[R] Discussion on time series analysis and the use and misuse of Differencing
Ben Bolker
bbolker at gmail.com
Fri Jul 8 00:47:09 CEST 2011
tomreilly <tomreilly <at> autobox.com> writes:
>
> How does the R module ARIMA account for unspecified deterministic structure
> such as seasonal pulses, level shifts, local time trends and regular pulses
> without needing to ask the user to intervene to specify this?
It doesn't.
> I have attached a Makradakis paper which hammers Box-Jenkins approach to
> this problem of nonstationarity. I have also included a recent discussion
> from stackexchange which you might find even more interesting.
>
> http://stats.stackexchange.com/questions/12651/
box-jenkins-model-selection/12662#12662
[split URL, Gmane doesn't like long lines]
>
> http://www.insead.edu/facultyresearch/research/doc.cfm?did=46900
>
My apologies if I'm misunderstanding your point here, but my general
understanding of R's philosophy is that it provides a set of tools
that can reasonably be used to as a component of sensible statistical
modeling, but which in some cases can also be abused (e.g., stepwise
fitting tools).
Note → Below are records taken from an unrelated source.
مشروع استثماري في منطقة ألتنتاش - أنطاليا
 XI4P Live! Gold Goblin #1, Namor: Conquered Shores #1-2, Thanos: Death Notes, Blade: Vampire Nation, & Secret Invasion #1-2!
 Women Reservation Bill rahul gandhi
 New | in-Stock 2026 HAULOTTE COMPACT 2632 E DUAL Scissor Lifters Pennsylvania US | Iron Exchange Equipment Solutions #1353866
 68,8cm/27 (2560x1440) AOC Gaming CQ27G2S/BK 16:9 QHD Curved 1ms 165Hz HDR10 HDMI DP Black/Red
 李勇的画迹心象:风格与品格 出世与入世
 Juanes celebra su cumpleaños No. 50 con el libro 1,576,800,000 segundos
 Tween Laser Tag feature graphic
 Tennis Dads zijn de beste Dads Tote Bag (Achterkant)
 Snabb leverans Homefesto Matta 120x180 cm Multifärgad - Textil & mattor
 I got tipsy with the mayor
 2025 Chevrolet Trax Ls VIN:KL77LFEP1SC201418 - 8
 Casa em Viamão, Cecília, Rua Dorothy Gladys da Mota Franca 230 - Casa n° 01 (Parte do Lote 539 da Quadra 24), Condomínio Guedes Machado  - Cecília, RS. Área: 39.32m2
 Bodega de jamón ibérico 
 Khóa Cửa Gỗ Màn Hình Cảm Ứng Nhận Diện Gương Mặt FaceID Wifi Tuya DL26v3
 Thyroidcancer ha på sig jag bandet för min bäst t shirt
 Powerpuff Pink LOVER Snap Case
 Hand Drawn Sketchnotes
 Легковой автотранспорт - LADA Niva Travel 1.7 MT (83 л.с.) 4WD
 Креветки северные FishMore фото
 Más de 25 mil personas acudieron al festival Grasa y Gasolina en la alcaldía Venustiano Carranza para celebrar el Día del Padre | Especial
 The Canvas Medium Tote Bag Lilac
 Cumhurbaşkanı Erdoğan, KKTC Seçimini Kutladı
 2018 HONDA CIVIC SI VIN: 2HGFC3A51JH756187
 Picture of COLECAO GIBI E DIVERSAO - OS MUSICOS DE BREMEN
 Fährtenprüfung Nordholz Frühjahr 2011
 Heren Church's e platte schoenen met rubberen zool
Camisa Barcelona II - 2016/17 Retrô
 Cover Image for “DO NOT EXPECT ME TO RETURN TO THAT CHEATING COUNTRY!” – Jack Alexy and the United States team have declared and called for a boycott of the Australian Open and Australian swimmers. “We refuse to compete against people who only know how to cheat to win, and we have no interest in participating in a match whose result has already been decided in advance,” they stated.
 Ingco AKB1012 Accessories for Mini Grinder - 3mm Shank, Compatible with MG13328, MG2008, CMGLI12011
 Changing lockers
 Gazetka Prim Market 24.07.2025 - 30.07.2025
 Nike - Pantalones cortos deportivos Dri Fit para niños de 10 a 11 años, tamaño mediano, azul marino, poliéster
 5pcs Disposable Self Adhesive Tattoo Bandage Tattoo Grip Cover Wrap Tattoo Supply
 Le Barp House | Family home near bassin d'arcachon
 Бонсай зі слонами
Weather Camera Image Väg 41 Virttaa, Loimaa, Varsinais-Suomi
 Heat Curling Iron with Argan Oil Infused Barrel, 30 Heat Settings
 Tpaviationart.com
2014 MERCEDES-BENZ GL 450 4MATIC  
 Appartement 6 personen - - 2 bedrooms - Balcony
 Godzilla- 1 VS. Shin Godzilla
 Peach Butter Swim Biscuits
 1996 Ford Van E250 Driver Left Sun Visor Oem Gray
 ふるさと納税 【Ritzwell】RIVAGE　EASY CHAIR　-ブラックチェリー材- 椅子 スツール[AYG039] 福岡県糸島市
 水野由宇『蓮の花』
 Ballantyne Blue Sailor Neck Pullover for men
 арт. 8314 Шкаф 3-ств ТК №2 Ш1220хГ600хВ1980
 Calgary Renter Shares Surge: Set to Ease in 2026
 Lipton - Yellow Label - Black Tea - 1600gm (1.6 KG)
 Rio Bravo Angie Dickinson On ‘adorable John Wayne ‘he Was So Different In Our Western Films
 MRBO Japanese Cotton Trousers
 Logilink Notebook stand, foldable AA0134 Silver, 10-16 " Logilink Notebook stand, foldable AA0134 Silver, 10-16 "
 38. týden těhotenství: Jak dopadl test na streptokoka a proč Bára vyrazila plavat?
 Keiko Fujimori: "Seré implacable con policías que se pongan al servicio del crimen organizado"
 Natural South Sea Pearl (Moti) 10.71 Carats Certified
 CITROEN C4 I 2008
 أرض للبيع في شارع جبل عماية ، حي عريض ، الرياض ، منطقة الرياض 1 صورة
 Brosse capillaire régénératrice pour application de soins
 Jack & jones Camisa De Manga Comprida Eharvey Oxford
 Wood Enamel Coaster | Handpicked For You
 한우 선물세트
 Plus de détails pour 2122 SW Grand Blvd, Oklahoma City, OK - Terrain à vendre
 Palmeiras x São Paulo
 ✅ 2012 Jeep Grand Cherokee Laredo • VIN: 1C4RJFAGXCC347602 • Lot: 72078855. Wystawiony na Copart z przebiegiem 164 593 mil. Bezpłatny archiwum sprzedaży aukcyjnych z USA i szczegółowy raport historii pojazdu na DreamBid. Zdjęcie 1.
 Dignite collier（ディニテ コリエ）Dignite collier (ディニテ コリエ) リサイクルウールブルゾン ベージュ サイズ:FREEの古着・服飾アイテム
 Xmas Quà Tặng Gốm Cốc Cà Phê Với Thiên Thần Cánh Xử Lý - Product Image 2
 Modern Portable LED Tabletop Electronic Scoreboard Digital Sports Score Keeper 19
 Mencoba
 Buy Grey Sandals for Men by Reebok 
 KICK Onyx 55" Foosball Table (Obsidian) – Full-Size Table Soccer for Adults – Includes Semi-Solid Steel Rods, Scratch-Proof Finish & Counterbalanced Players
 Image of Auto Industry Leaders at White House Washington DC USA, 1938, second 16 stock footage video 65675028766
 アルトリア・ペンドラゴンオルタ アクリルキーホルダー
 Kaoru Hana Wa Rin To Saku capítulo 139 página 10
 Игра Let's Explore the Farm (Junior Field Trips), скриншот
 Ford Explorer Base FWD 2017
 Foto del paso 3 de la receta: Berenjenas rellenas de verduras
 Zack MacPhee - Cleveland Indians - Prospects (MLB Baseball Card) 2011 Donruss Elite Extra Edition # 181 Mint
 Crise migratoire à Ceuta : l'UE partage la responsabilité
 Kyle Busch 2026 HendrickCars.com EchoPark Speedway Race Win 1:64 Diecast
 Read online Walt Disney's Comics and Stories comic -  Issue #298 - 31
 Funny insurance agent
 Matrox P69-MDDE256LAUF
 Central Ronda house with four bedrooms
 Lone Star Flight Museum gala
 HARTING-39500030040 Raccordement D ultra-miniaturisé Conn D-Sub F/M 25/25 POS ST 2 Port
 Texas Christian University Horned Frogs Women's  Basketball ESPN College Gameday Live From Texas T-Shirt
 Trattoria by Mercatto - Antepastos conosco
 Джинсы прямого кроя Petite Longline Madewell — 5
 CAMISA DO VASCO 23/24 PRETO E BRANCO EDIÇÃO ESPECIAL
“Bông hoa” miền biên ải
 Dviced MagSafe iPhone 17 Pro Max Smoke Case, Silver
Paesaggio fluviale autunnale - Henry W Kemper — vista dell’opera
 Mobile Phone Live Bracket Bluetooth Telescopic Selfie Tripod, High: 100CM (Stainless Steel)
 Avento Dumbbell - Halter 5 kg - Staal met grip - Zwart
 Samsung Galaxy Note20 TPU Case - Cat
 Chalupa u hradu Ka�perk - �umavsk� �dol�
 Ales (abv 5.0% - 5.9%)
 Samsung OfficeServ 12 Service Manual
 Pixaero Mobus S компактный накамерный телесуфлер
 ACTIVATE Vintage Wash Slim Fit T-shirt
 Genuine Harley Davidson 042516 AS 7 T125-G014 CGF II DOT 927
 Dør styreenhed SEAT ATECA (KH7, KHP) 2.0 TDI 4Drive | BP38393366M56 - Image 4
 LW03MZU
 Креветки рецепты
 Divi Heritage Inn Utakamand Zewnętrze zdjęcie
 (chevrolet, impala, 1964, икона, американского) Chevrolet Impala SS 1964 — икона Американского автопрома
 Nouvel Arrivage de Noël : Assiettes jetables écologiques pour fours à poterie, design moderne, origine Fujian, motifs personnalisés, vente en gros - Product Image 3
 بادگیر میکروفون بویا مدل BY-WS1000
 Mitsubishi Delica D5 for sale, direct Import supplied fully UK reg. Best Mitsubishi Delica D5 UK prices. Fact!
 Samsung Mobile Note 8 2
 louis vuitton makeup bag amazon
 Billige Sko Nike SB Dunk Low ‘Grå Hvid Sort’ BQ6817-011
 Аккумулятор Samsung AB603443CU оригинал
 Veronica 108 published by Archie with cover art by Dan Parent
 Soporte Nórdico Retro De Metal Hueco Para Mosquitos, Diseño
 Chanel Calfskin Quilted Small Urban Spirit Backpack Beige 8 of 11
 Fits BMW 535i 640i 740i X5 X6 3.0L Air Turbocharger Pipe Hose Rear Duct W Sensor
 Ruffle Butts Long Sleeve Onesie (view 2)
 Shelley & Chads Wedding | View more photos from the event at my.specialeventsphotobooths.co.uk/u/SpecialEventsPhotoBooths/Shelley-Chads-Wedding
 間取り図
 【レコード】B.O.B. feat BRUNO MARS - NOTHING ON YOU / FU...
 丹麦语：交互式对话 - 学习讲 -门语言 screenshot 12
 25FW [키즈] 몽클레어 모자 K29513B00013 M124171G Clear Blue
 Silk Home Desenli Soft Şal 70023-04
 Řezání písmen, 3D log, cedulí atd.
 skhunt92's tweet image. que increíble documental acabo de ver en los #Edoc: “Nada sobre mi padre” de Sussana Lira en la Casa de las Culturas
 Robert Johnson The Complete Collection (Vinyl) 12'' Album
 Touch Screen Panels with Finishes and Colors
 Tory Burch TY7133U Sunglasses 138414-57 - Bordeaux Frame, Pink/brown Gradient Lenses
It is rarely prescriptive.
Everyone should look at their data (before, marginally, and
after, residually) to see whether there are problems/important
patterns that are not captured by the particular model being fitted.
One can certainly make a case for simpler (AR) methods that are more
robust to misspecification, or for more complex models that capture
some of these patterns, but in the long run (in my opinion)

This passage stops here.